**Caption-style text data:**
——
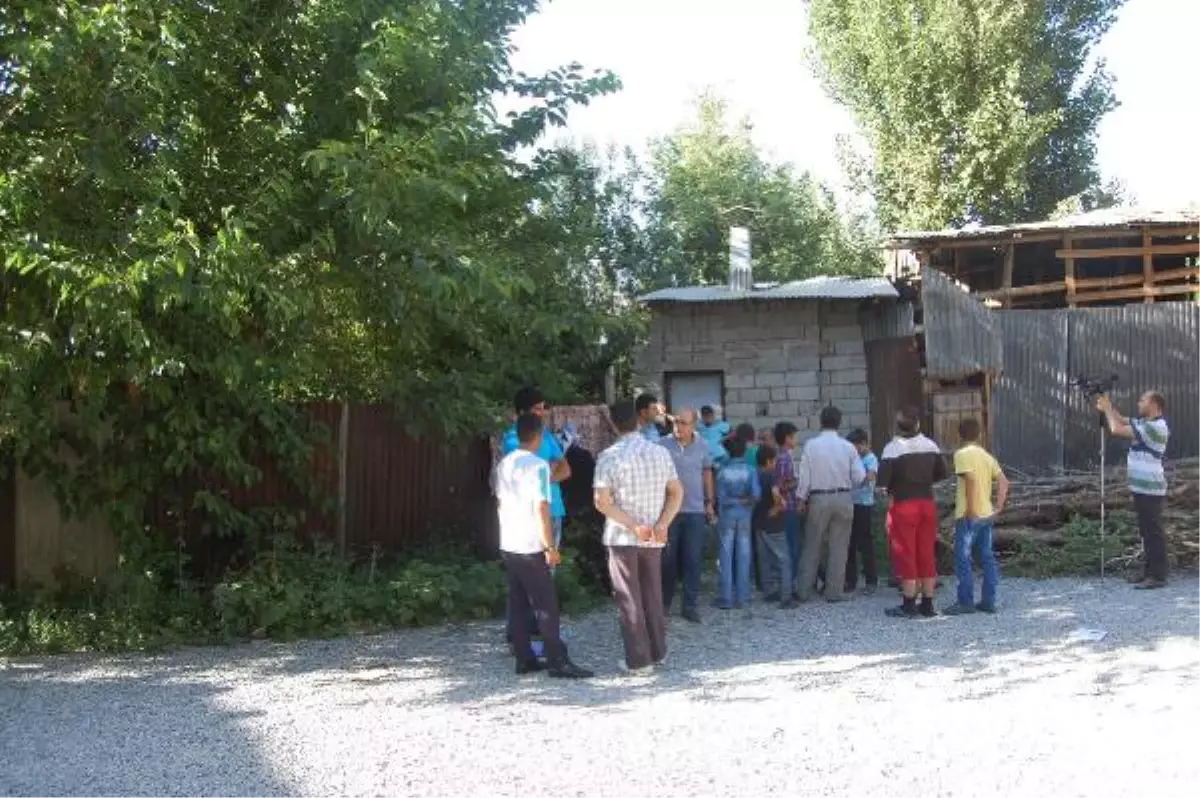 Cinnet Geçiren Manav, 2 Oğlunu ve İmam Kayınpederini Öldürdü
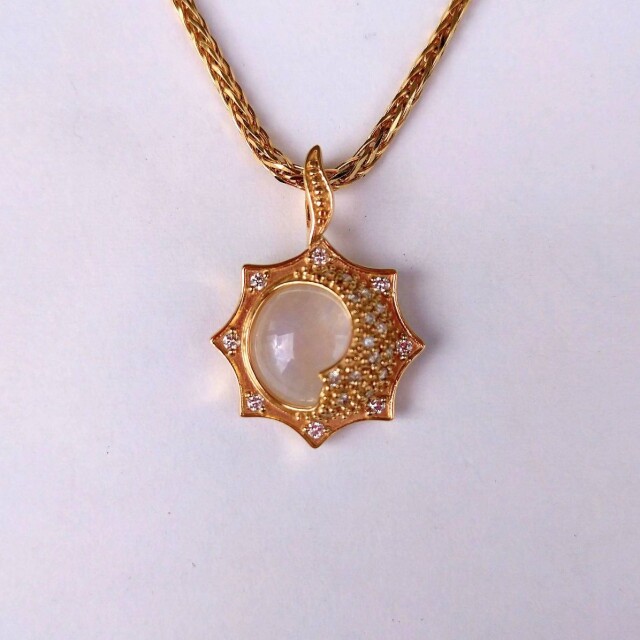 GGC K18 SUN&MOON Diamond レインボームーンストーン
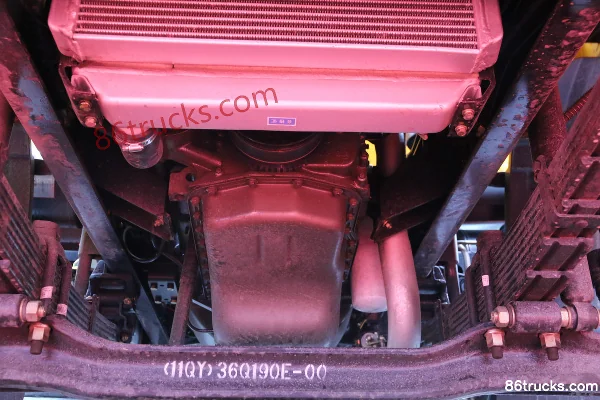 Sichuan Hyundai Ruiyu 180 hp 6X2(8 wheels) 4.7m Dump Truck Chassis (2) | 86Trucks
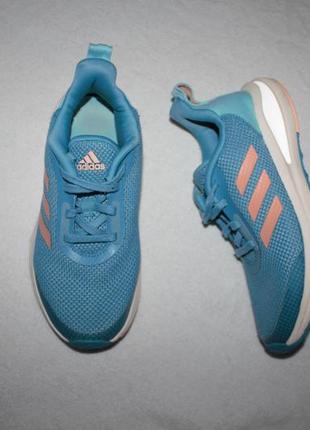 Кроссовки фирмы adidas 35 размер по стельке 22 см.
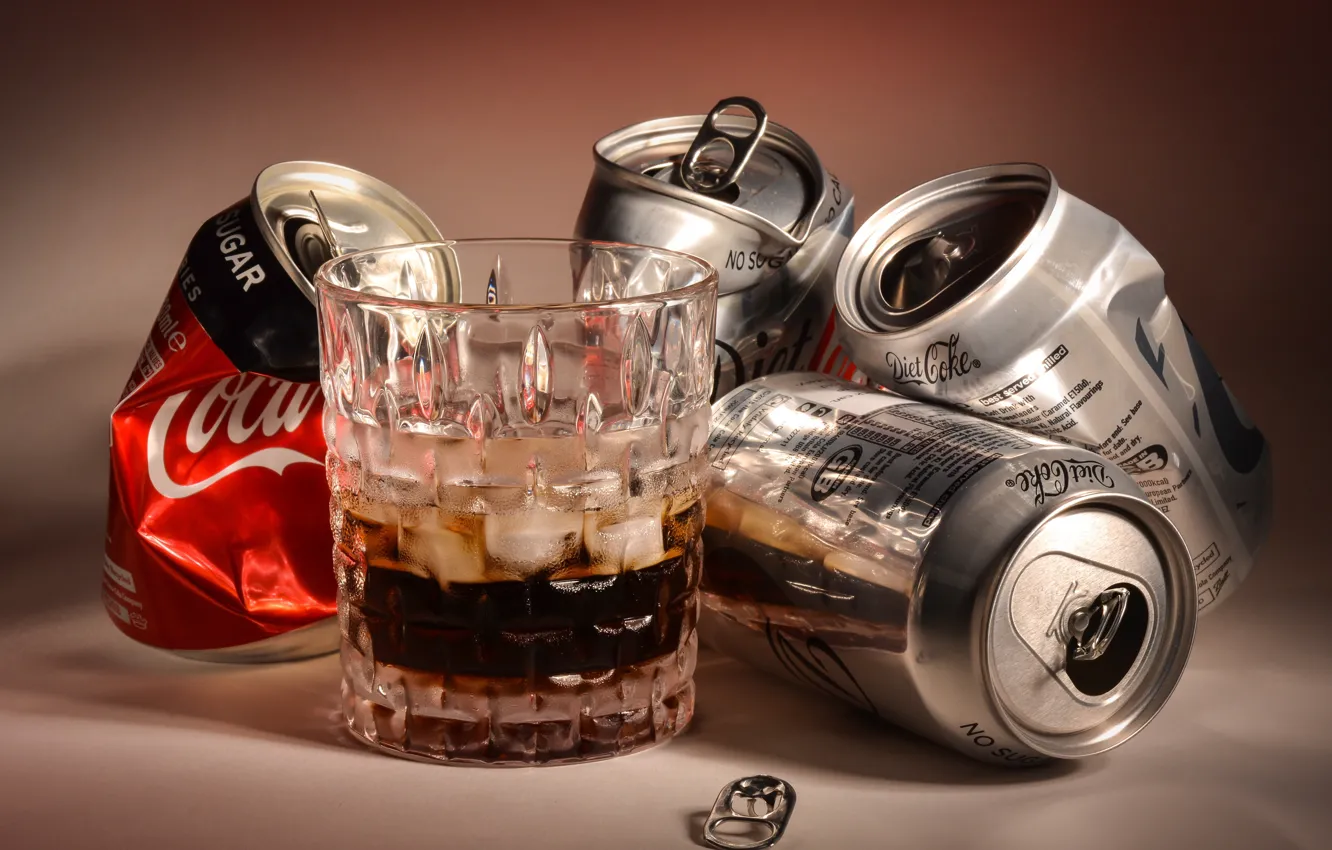 Фото обои стакан, банки, coca cola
——
**Work instruction:** Using the records above, reproduce exactly the lines from the line containing "Кроссовки фирмы adidas" through the last line, with both ends kept and no pictures.

**Solution for this task:**
 Кроссовки фирмы adidas 35 размер по стельке 22 см.
 Фото обои стакан, банки, coca cola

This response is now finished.